Ready to get clear on your pricing and value?
If you would like to learn more about how to get clear on your pricing, get in touch with the value of your services and learn how to communicate that value effectively, I teach you how in my Get More Clients Saying Yes! course – which will be opening for enrolment later this year. If you’d like to be among the first to know when that happens click here to be notified
Get started today for Free:
You can also get started today by learning how to guide a potential client through a carefully structured sales conversation that will bring them to a natural and easy “Yes” without any “icky” closing techniques with my 7 Steps to Yes! video training.
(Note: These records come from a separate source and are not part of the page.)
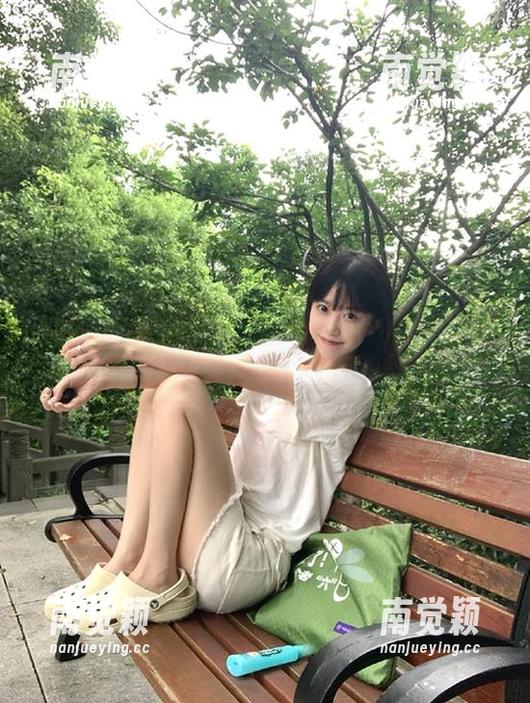 51.com 探索www.51.com的在线功能,轻松获取吃瓜类信息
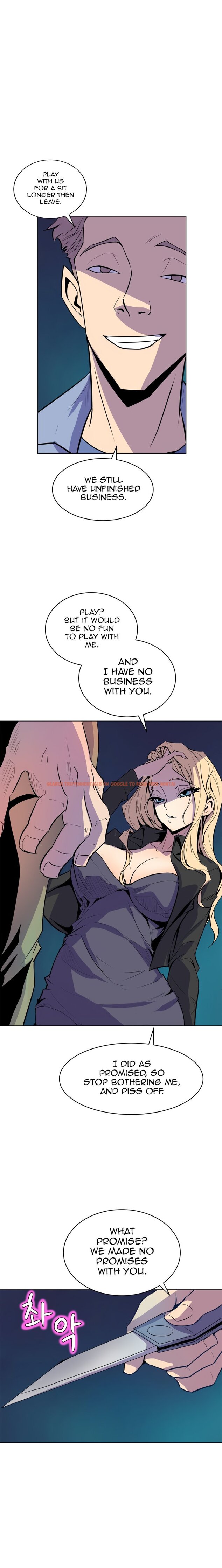 Read Hentai Image 14 499 in comic Sahwa: Secret Commission - Chapter 62 - hentaitnt.net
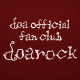 doarock official fanclub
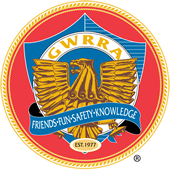 gwrra_logo_web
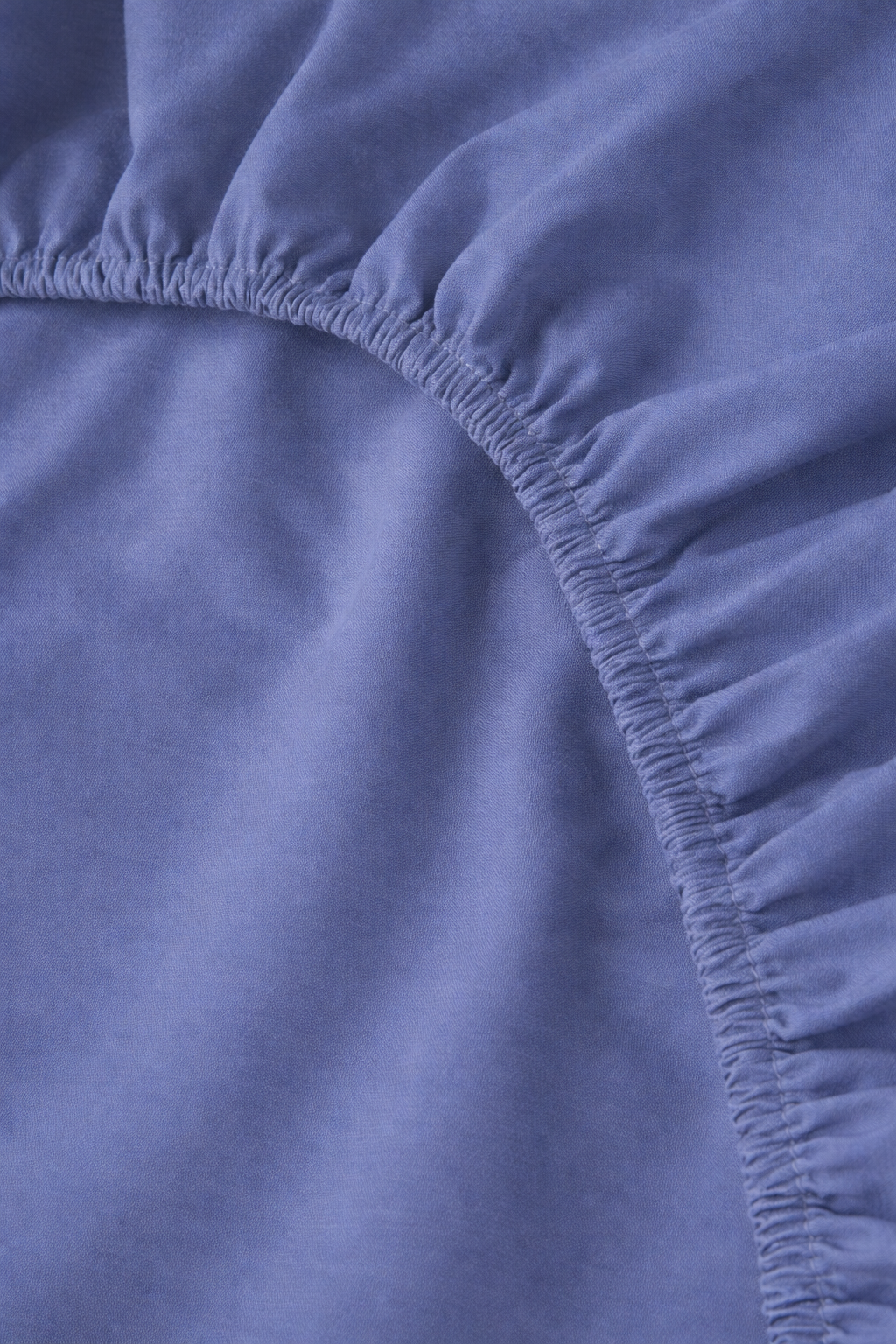 סט מצעים 100% כותנה (Ekko) - שלי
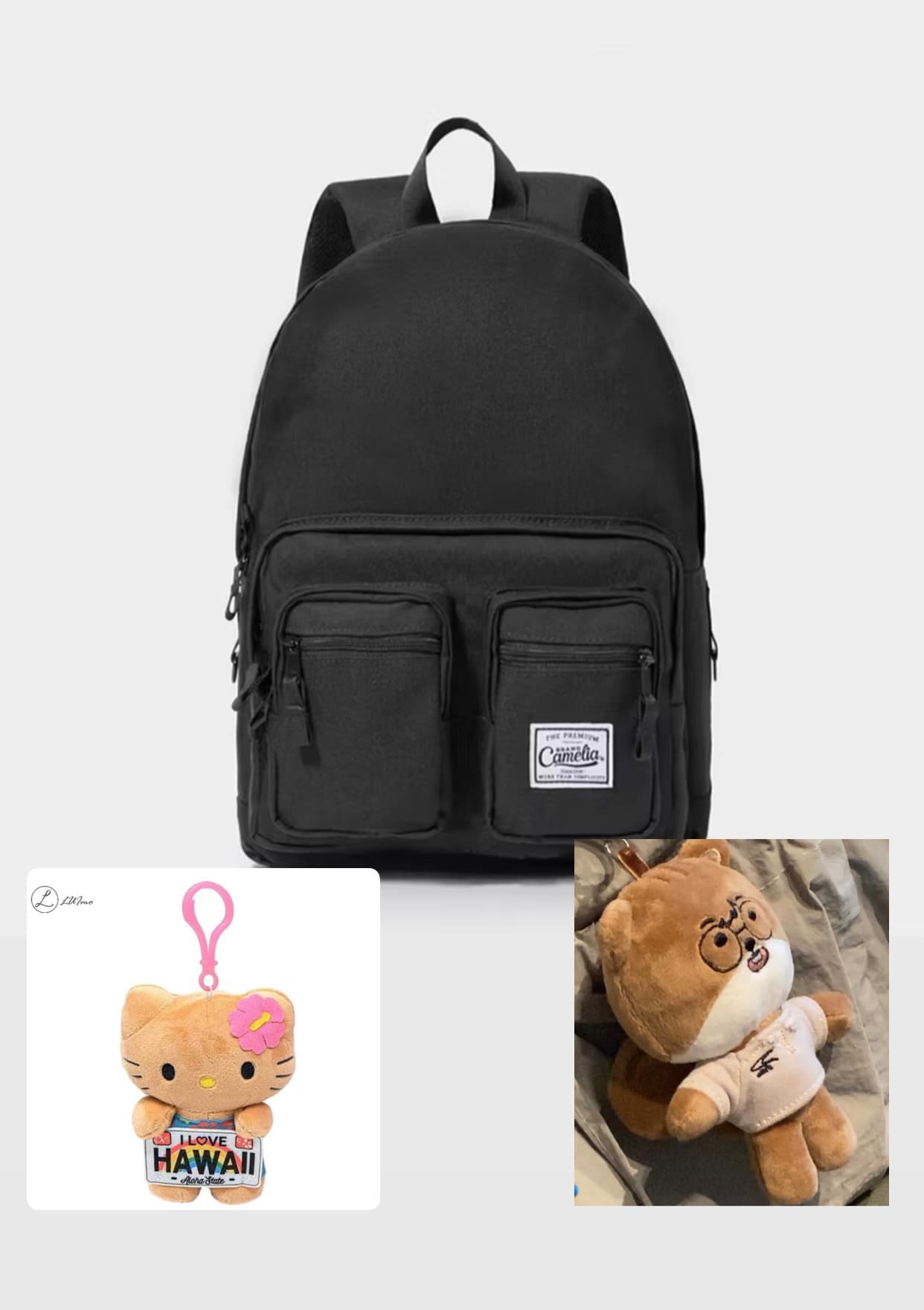 TÌM CẶP SÁCH BỊ MẤT Ở ĐẠI HỌC SƯ PHẠM HÀ NỘI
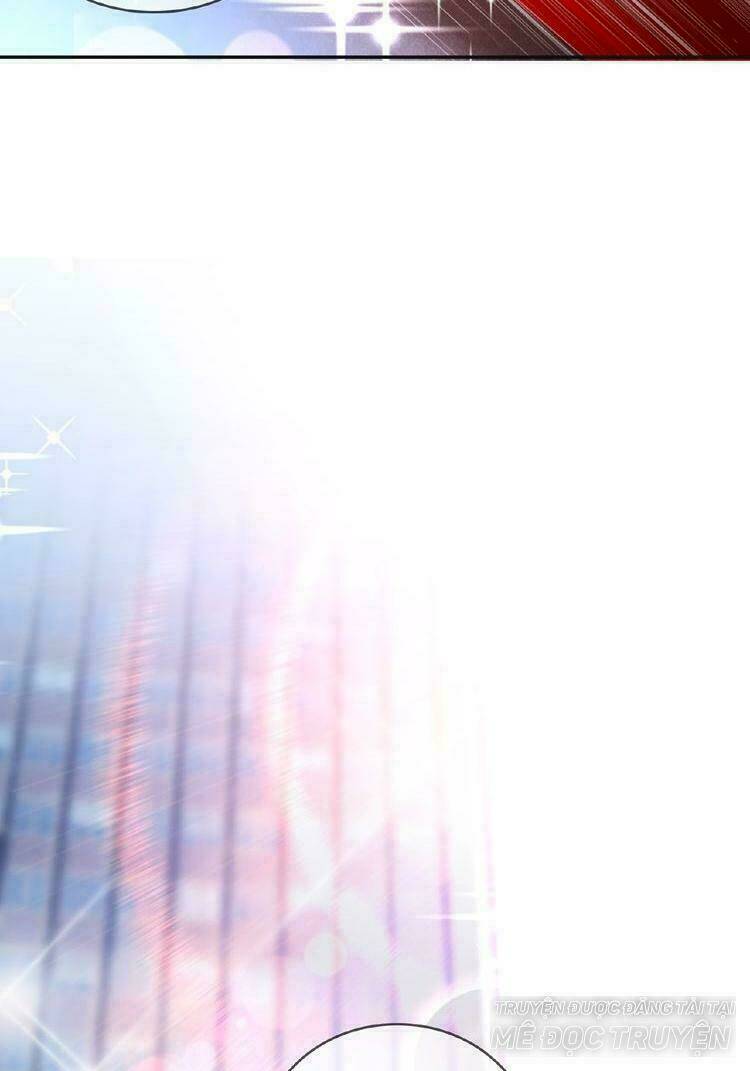tổng tài khăng khăng lấy vợ thế thân chapter 21 26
It’s a series of bite-sized videos (just 3 minutes each) that will give you a complete step-by-step structure for your sales conversations – and it’s completely FREE. Sign up here.
With Love & Gratitude,
Finding this blog today is perfect timing (thank you Universe and thank you, Catherine!). The phrase I’m hearing now when I give a price for my services is “that seems reasonable” or “that seems very fair.” Those two phrases give me pause because I then think to myself “am I not charging enough?” or have I just done a great job of selling my value? Any thoughts on this?
Thank you Catherine for another immensely useful article. I feel I have all the problems around ‘setting the price for my service’ mentioned above plus the fact that I have been working in the last 7 years as a volunteer in the criminal justice system which again reinforces the stigma of value & affordability. Now that I am trying to build a business as a professional personal development coach , I am adamant that I’ll be charging for my time and skills I bring to the table, but struggle with that nagging voice inside my head that says ‘who will want to pay you?’’ Good to know I am not alone in this department!
Cristina, you are worth what you charge! x
You have really highlighted some of the issues that come up for me in pricing Catherine. The biggest challenge I have found is ‘getting in touch with your value’. Thankfully this is something that you have worked through in your programme and so I now have practice in connecting to my value.
It really is a tricky topic! For me, at the moment, it’s about what I feel comfortable with, and what my clients feel comfortable with. I know I can always change it in the future, but I want to be taking action and helping clients right now.